(Web page caption snippets)
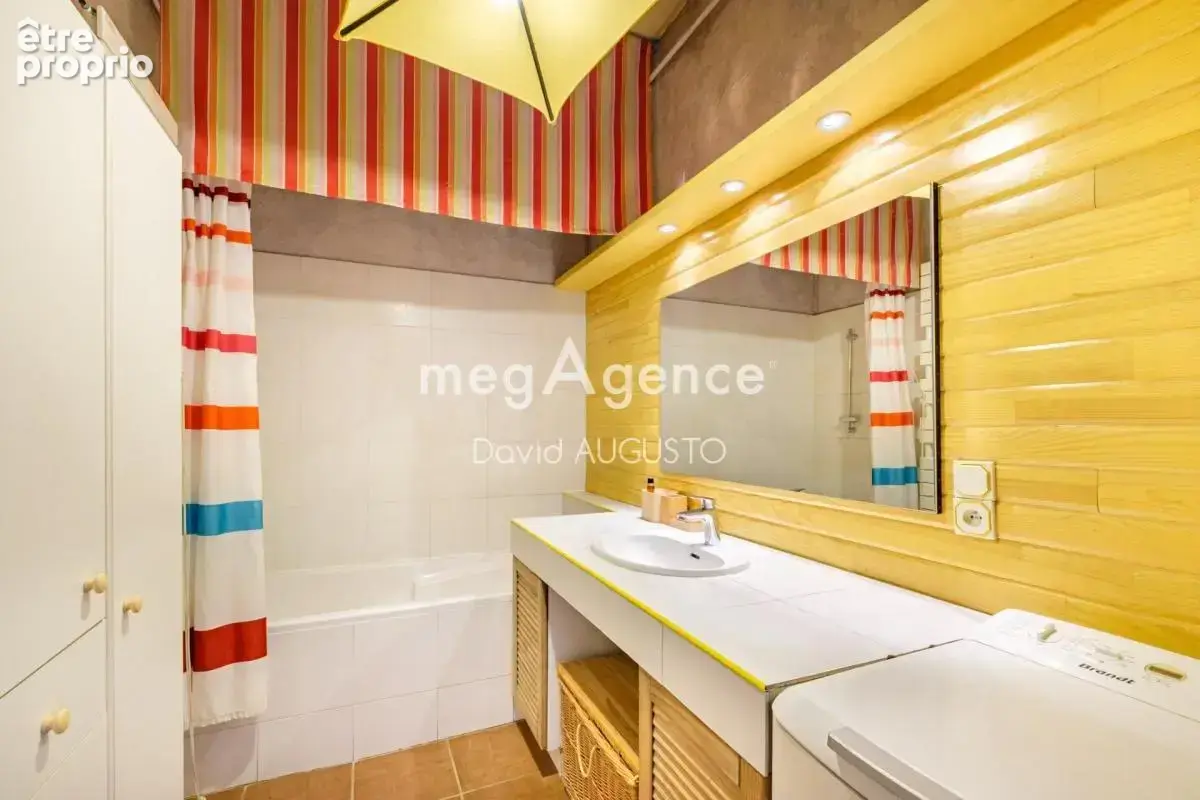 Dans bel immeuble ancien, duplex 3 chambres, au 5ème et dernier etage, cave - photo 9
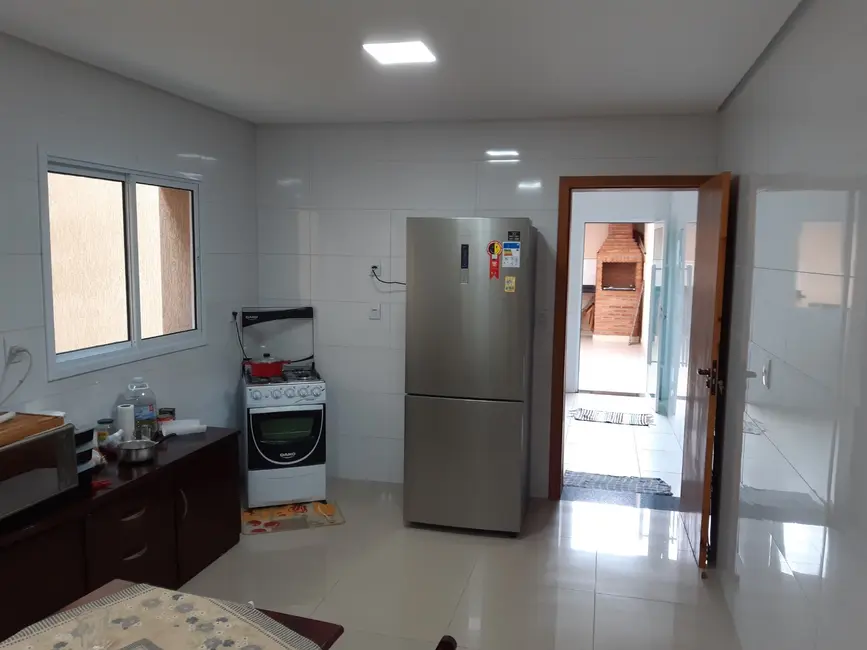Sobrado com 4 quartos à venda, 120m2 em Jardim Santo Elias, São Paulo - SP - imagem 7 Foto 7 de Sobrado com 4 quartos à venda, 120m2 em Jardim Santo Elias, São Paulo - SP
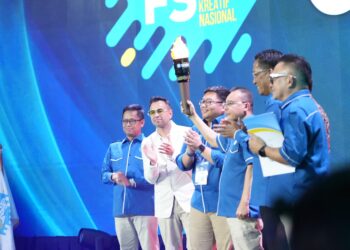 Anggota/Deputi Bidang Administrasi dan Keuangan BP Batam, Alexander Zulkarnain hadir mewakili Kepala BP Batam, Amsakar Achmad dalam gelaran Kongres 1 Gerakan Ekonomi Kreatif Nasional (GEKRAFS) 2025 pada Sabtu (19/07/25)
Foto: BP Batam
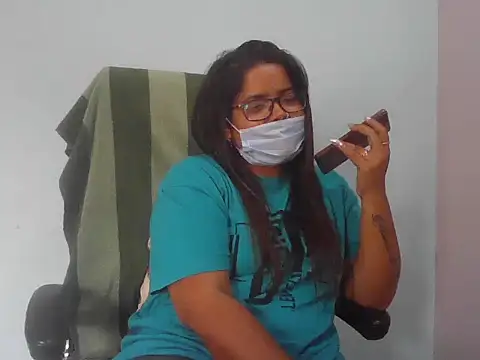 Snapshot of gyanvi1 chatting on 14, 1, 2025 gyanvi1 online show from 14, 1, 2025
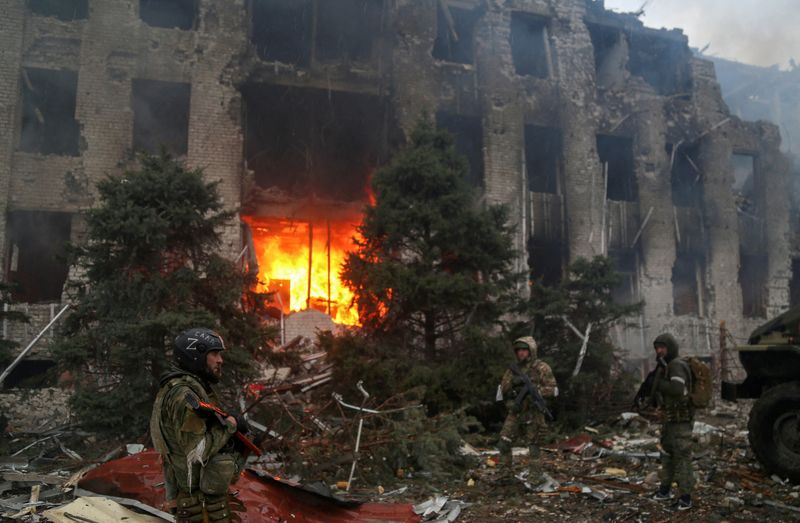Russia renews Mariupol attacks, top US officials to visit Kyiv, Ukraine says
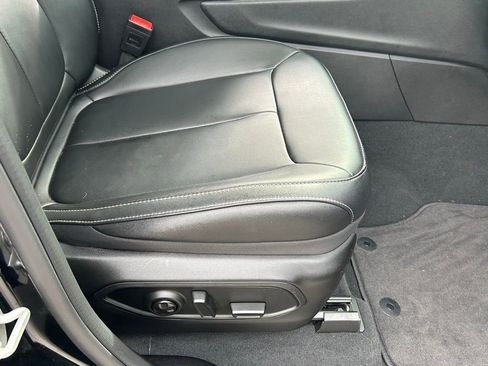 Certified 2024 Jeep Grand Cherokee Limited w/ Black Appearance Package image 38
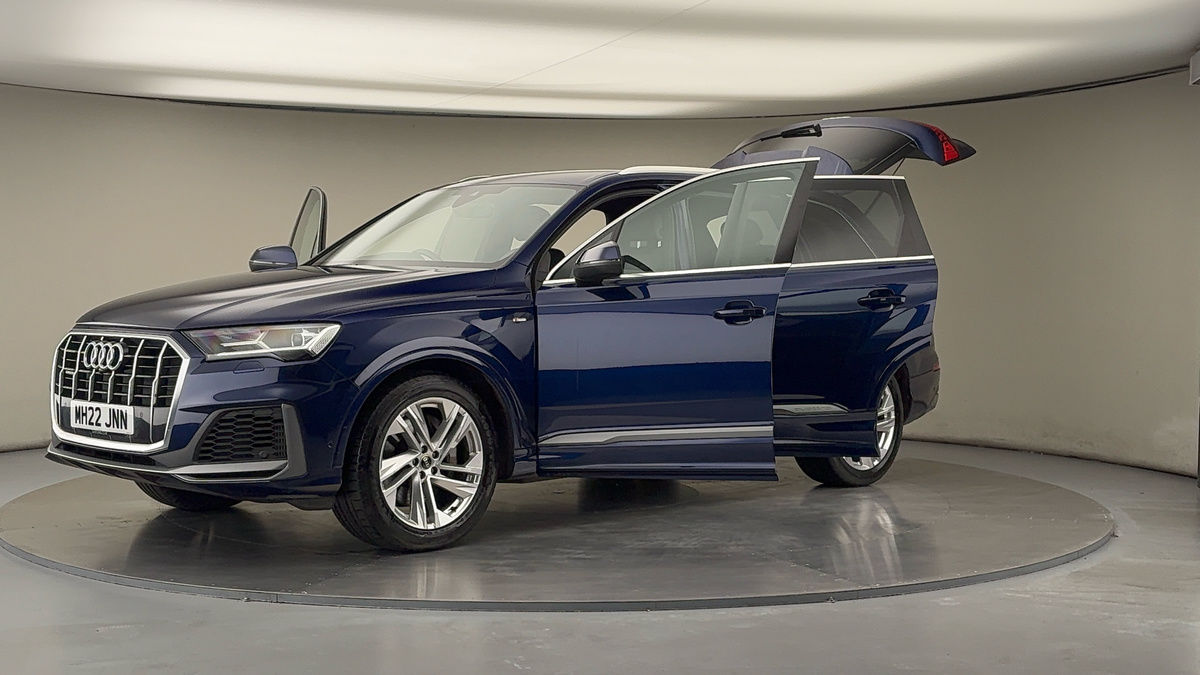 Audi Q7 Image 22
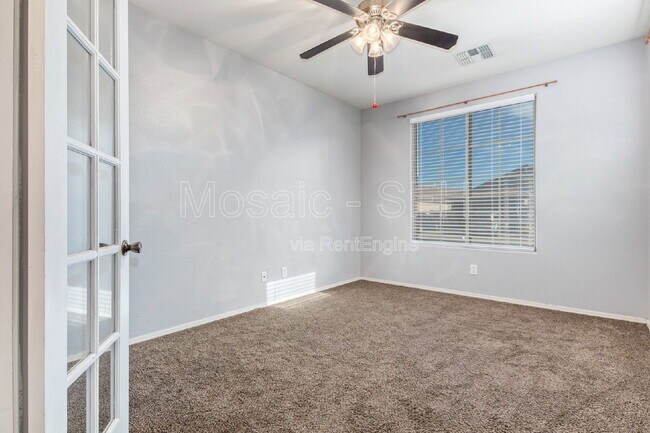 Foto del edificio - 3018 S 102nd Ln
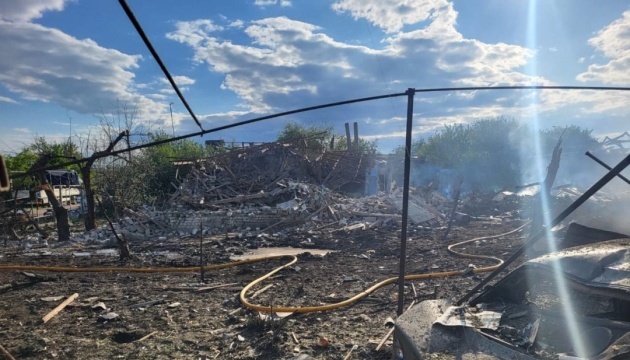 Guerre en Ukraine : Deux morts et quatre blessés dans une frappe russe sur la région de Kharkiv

What is being asked: Take only the line containing "Snapshot of gyanvi1" and every line after it to the end of the entries, and copy them exactly, pictures excluded.

Answer box:
 Snapshot of gyanvi1 chatting on 14, 1, 2025 gyanvi1 online show from 14, 1, 2025
Russia renews Mariupol attacks, top US officials to visit Kyiv, Ukraine says
 Certified 2024 Jeep Grand Cherokee Limited w/ Black Appearance Package image 38
 Audi Q7 Image 22
 Foto del edificio - 3018 S 102nd Ln
 Guerre en Ukraine : Deux morts et quatre blessés dans une frappe russe sur la région de Kharkiv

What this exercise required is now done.